Les chercheurs manipulent les échantillons d’atmosphère dans ce que l’on appelle des boîtes à gants de laboratoire placées sous azote, pour éviter une contamination par l’air ambiant. © Will Kirk, JHU

À la clé, des résultats intéressants, publiés dans Nature Astronomy : les exoplanètes type superterres ou mini-Neptune pourraient effectivement posséder des brumes produites par photochimie. Ces couches protectrices modifieraient les températures atmosphériques, par exemple en emprisonnant la chaleur, et empêcheraient certaines radiations dangereuses d'atteindre la surface de la planète. De plus, des molécules organiques contenues dans les brumes pourraient se déposer à la surface des exoplanètes. Elles pourraient donc favoriser l'apparition de la vie.

Neuf exoplanètes hypothétiques modélisées par des mélanges gazeux

Les chercheurs ont simulé les atmosphères de superterres et de mini-Neptune, car les brumes auraient un rôle important sur les exoplanètes de ce type, où la température est inférieure à 1.000 K et où la métallicité est élevée, c'est-à-dire que la planète est constituée majoritairement d'éléments plus lourds que l'hydrogène et l'hélium.

Pour établir des compositions chimiques de mélanges gazeux pouvant refléter l'atmosphère des exoplanètes, ils se sont servi d'une modélisation informatique. L'ordinateur leur a proposé neuf mélanges gazeux couvrant des températures allant de 300 à 600 K et de métallicité 100, 1.000 ou 10.000 fois plus élevée que le Soleil (essentiellement composé d'hydrogène et d'hélium), pour autant de planètes potentielles.

Les chercheurs ont créé ces mélanges, les ont chauffés dans des enceintes et les ont soumis à des décharges de plasma, constituant une source d'énergie, durant trois jours, afin d'initier des réactions chimiques« L'énergie casse les molécules de départ. Celles-ci réagissent entre elles pour former de nouvelles choses et parfois il s'agit de particules solides (créant de la brume) et parfois non » explique Sarah Hörst dans un communiqué du JHU.

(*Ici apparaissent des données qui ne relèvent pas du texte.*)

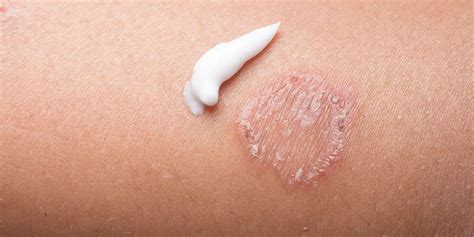 Skin Infections Cibolo Creek Dermatology Group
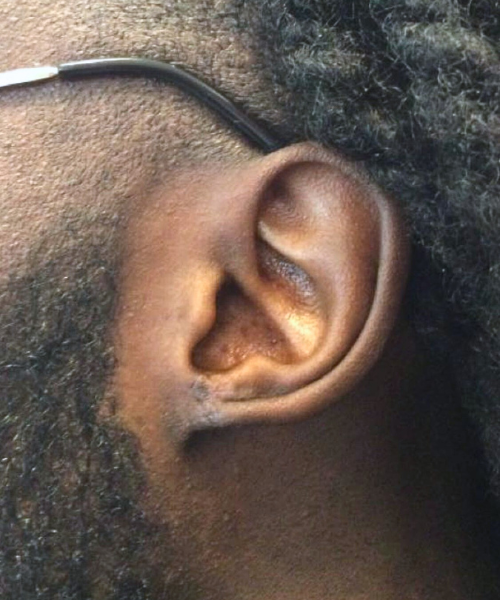 Close-up of an ear after keloid treatment, showing smooth, healed skin with restored natural contours.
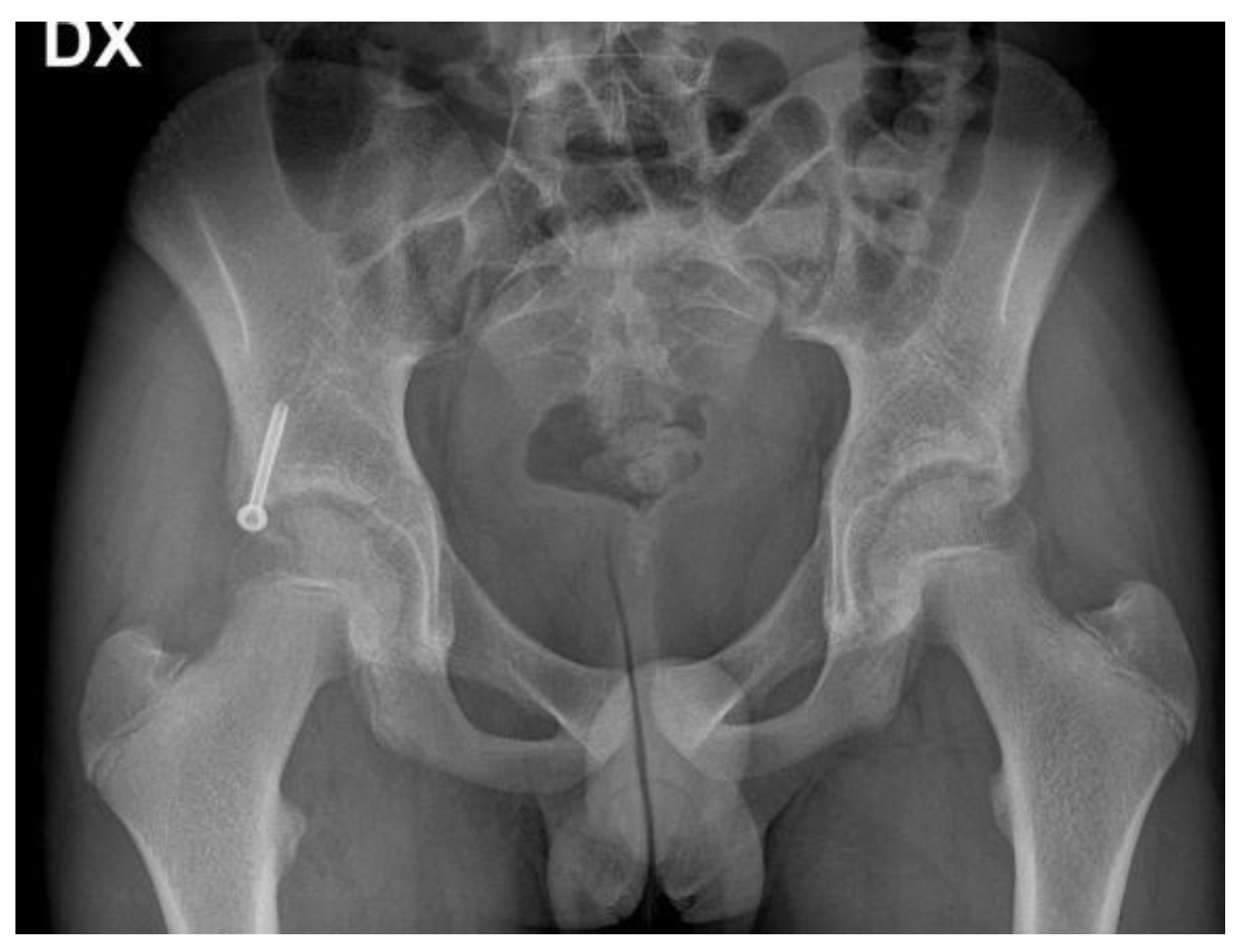 Classification of Pelvic Ring Fracture and Dislocation | SpringerLink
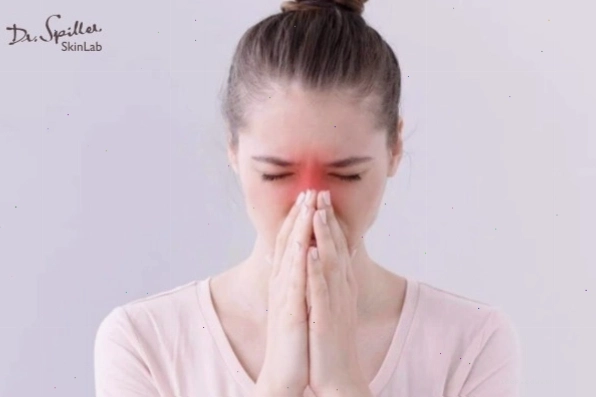 Nổi mụn nhọt trong mũi khiến khổ chủ vô cùng khó chịu, cần thăm khám bác sĩ nếu nặng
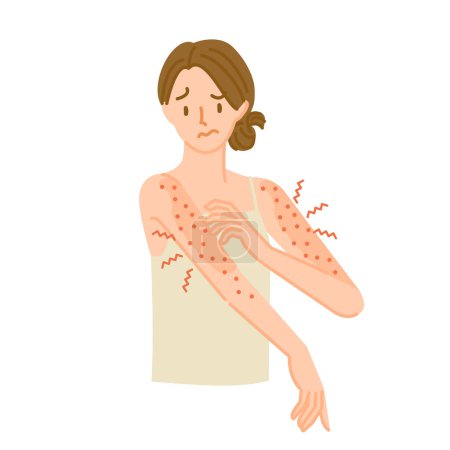 Illustration for A woman whose arm skin is rough, inflamed, and itchy due to an allergic reaction. - Royalty Free Image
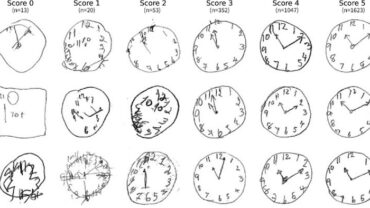 Slums Clock Test Comprehensive List of Cognitive Screening Tests for Dementia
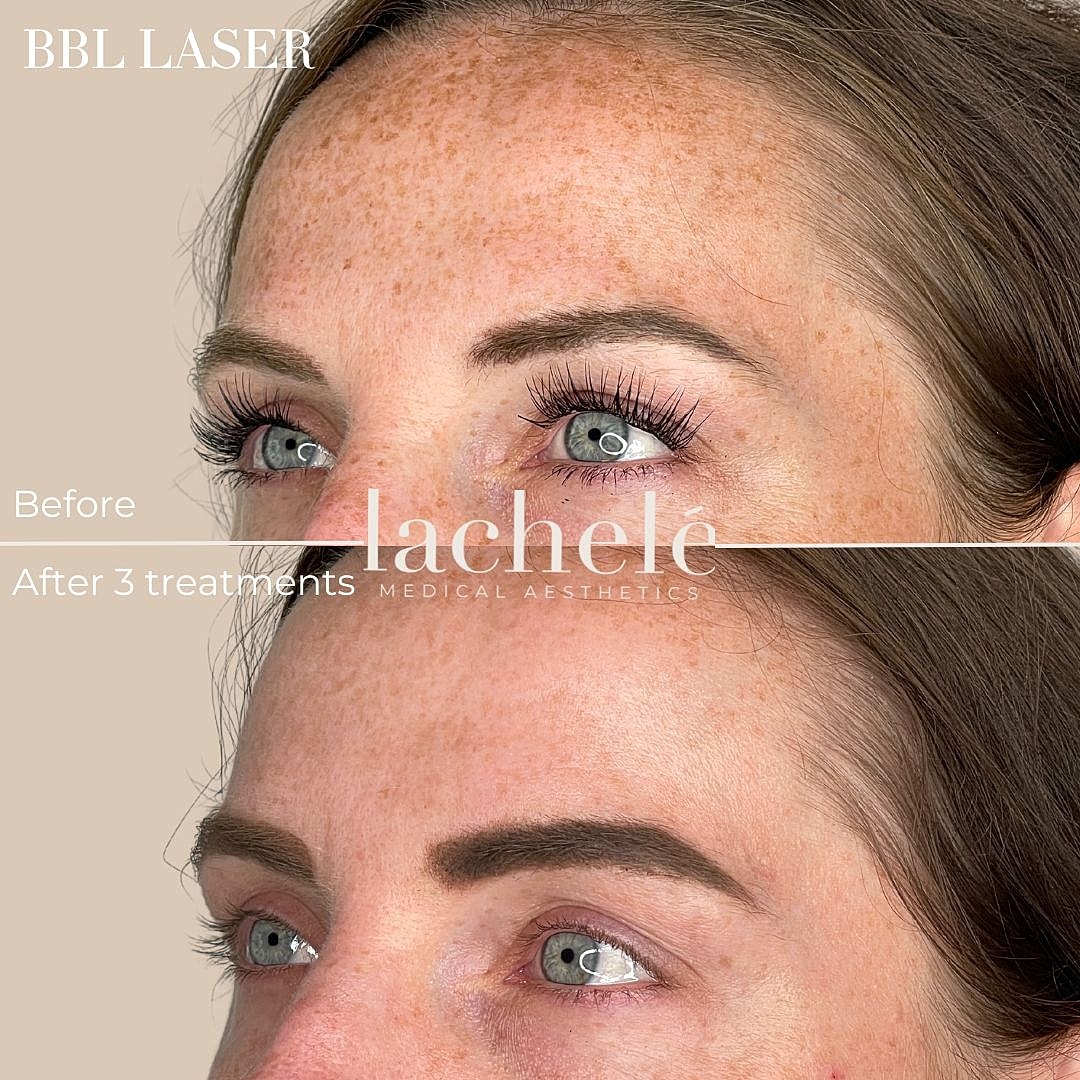 BBL laser treatment before and after results.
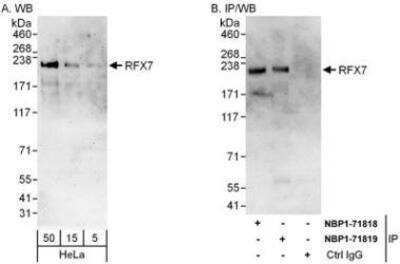 Western Blot: RFX7 Antibody [NBP1-71819]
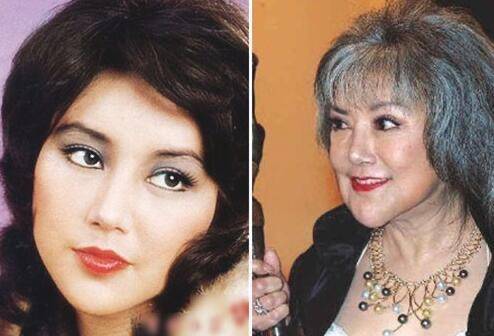 因为10位整容毁掉的女星：有人自己注射食用油，有人上瘾，有人丢了命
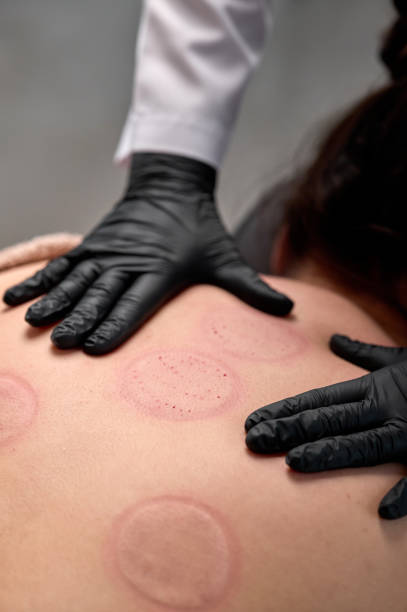 istock Beautician performing cupping therapy on patient's back 2194010369
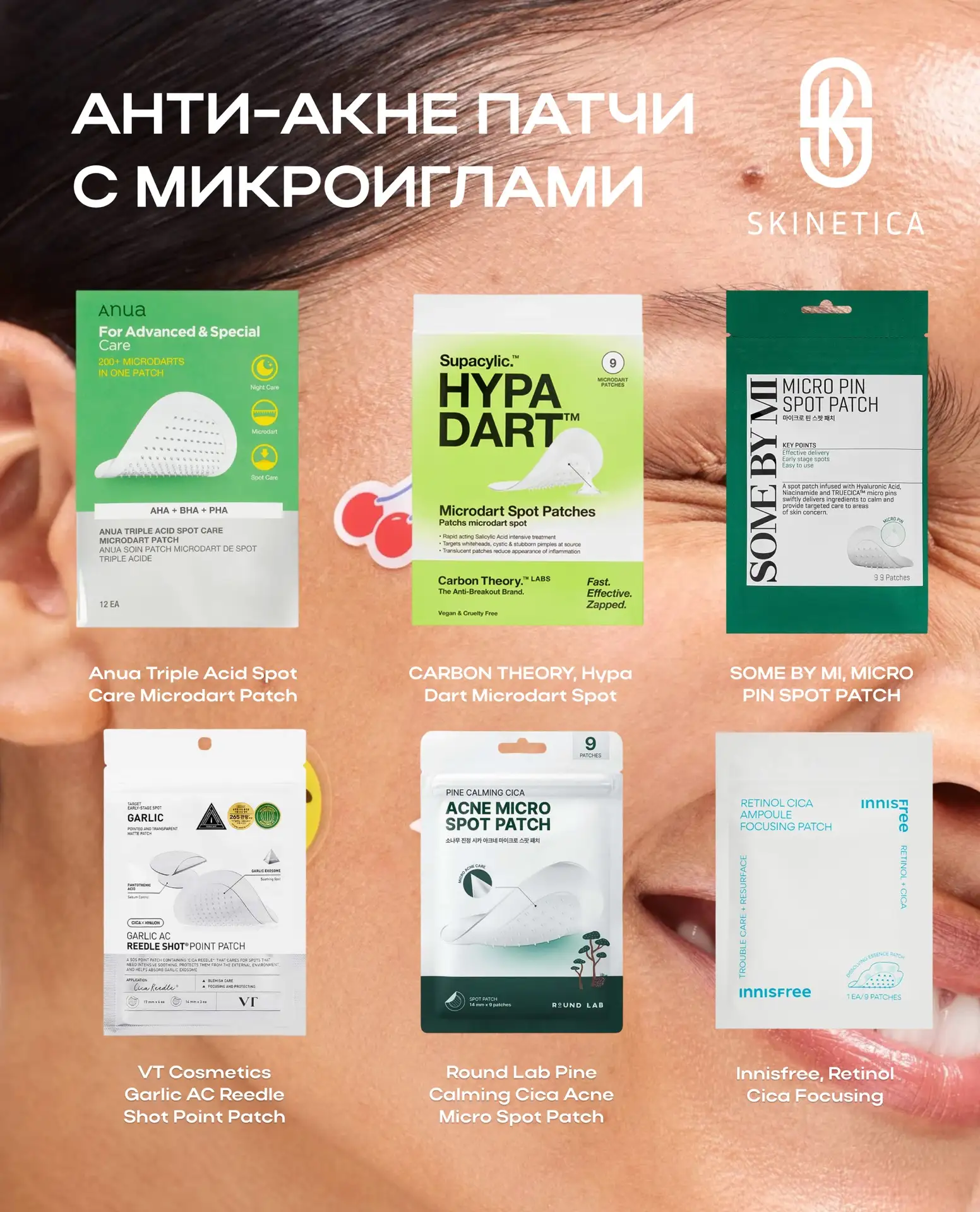 Патчи с микроиглами при активных воспалениях  На прошлой неделе делала для вас подборку точечных сре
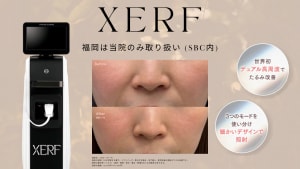 サテライトXERFサムネ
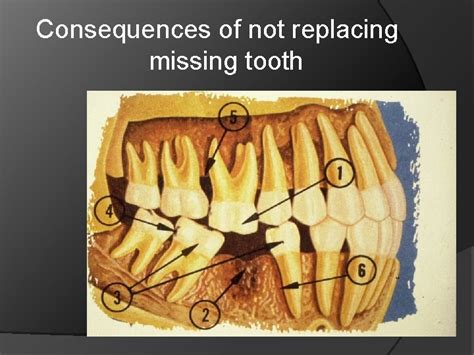 Bridge Fixed Partial Denture Fixed Dental Prosthesis Dr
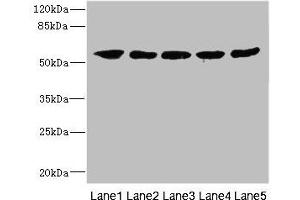 Western Blotting (WB) image for anti-Interleukin 28 Receptor, alpha (Interferon, lambda Receptor) (IL28RA) (AA 21-228) antibody (ABIN6098644)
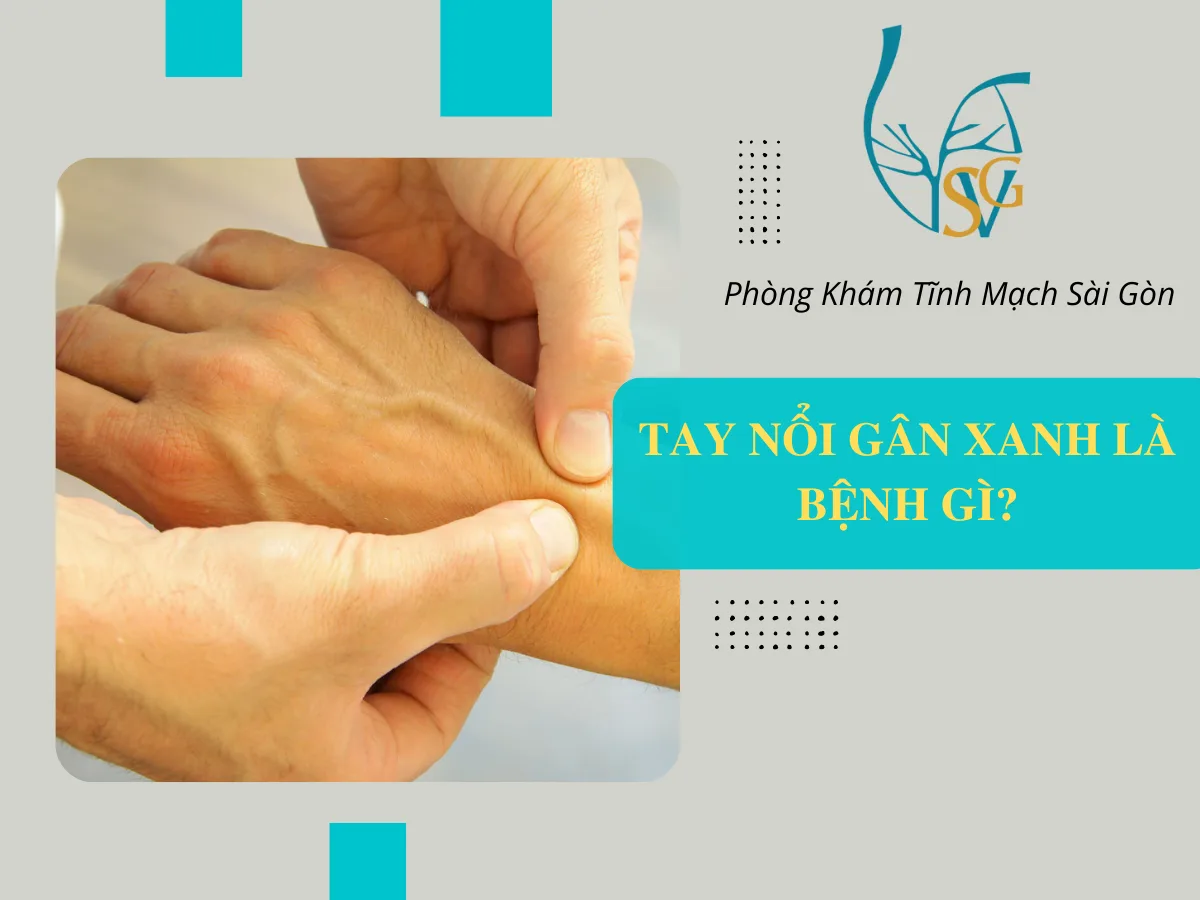 Bàn tay nổi gân xanh là bị gì-Có nguy hiểm không?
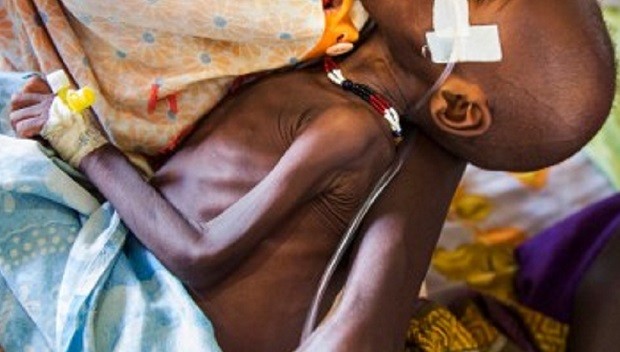 Sudan Malnourished Baby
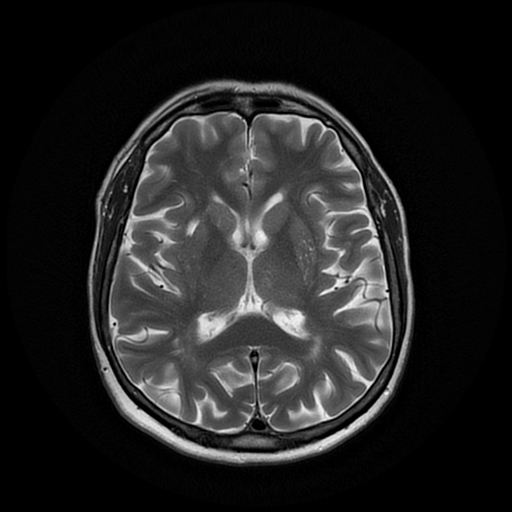 File:Cerebral metastases - melanoma (Radiopaedia 80972-94522 Axial T2 17).jpg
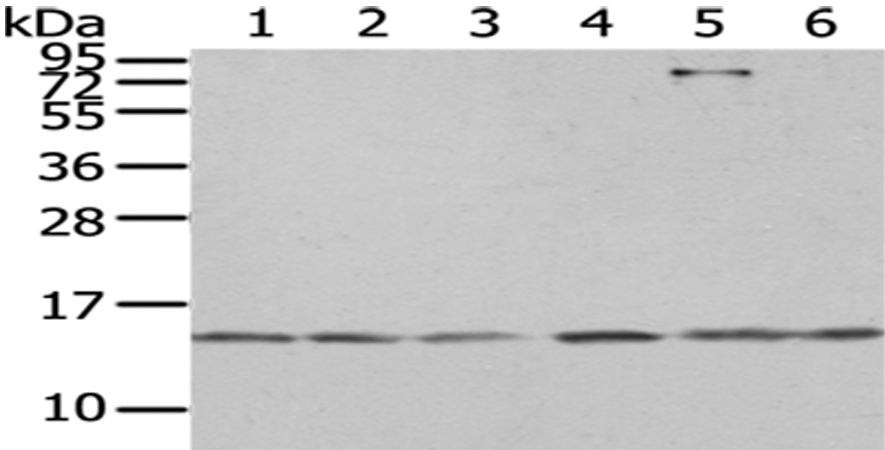 Anti-RBX1 Antibody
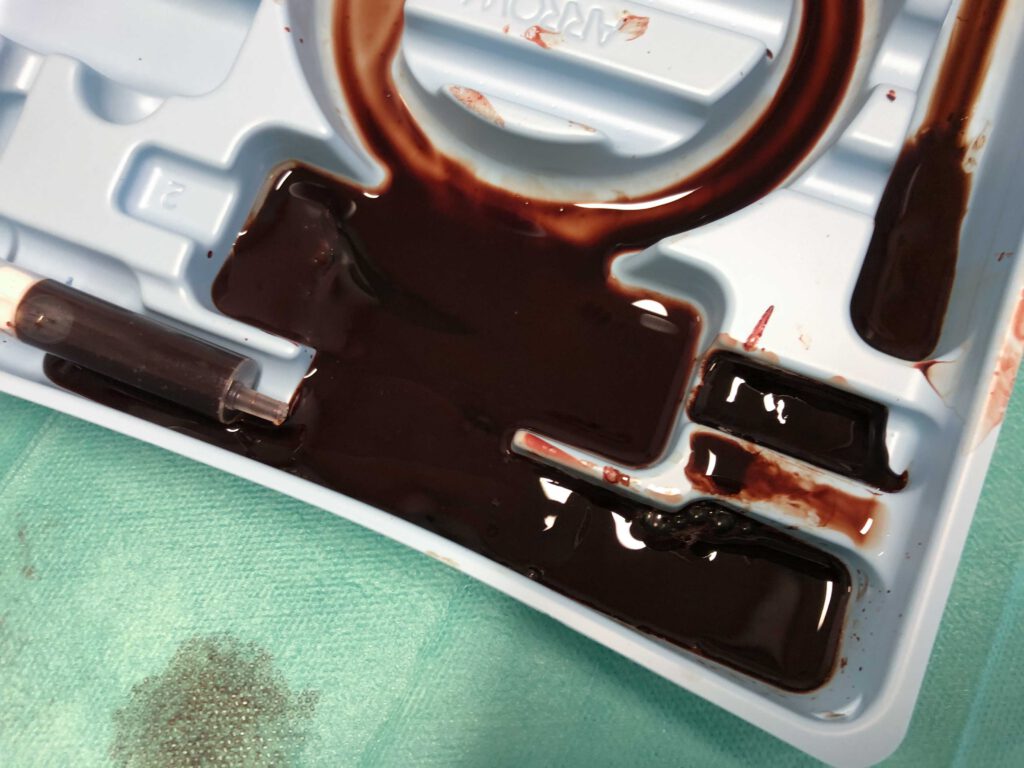 Braunes Blut tut nicht gut: 
Vergiftungen mit Natriumnitrit und anderen Met-Hb-Bildnern
toxdocs.de/2022/methb/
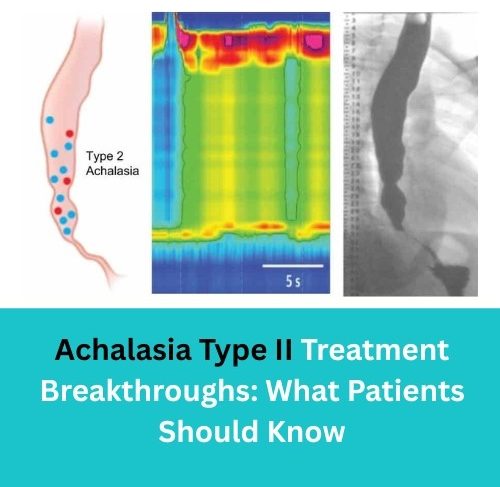 Achalasia Type II Treatment Breakthroughs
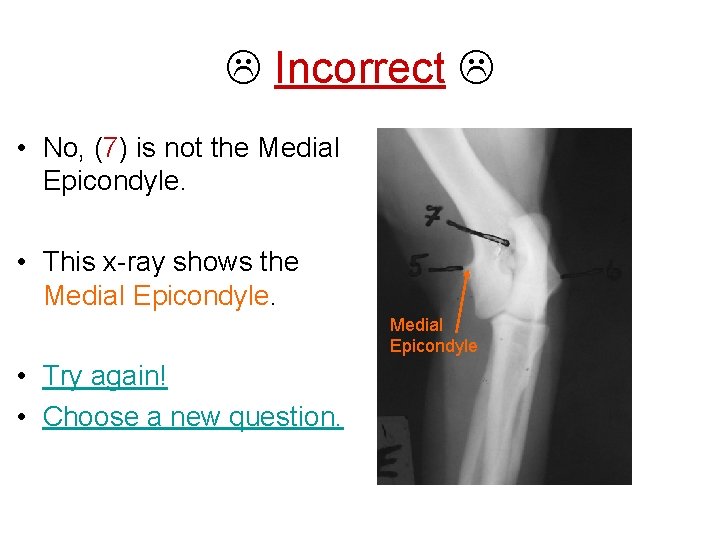  Incorrect • No, (7) is not the Medial Epicondyle. • This x-ray shows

La chercheuse Sarah Hörst vérifie grâce à une lampe s’il y la formation de brume dans l’enceinte où se déroule l’expérience. © Will Kirk/JHU

Dans tous les modèles testés, les chercheurs ont observé une production de particules par photochimie, autrement dit de brume. Si dans certains cas le taux de formation de brume était très faible, l'expérience était particulièrement probante pour les atmosphères riches en eau et en méthane (de métallicité 1.000 fois supérieure à la métallicité solaire) chauffées à 300 et 400 K, avec environ 10 mg de particules formées par heure.

D'après les chercheurs, ces simulations révèlent quels types d'atmosphères sont susceptibles de posséder des brumes photochimiques. Cette connaissance pourrait préciser l'analyse spectrale des atmosphères des exoplanètes et aider à déterminer des traces de vie. Ils envisagent de reproduire l'expérience sur d'autres compositions chimiques, tout en modifiant la température et les sources d'énergie. Ils souhaitent également analyser la composition des brumes produites, ainsi que la couleur et la taille des particules, car ces paramètres influent sur le rayonnement réfléchi.

  • Avec différents mélanges gazeux, des chercheurs ont modélisé la composition atmosphérique de neuf exoplanètes hypothétiques de type superterres et mini-Neptune.
  • En soumettant ces mélanges à des décharges de plasma pour initier des réactions chimiques, les chercheurs ont observé la formation de brumes, comme celles que l’on trouve sur Titan et Pluton.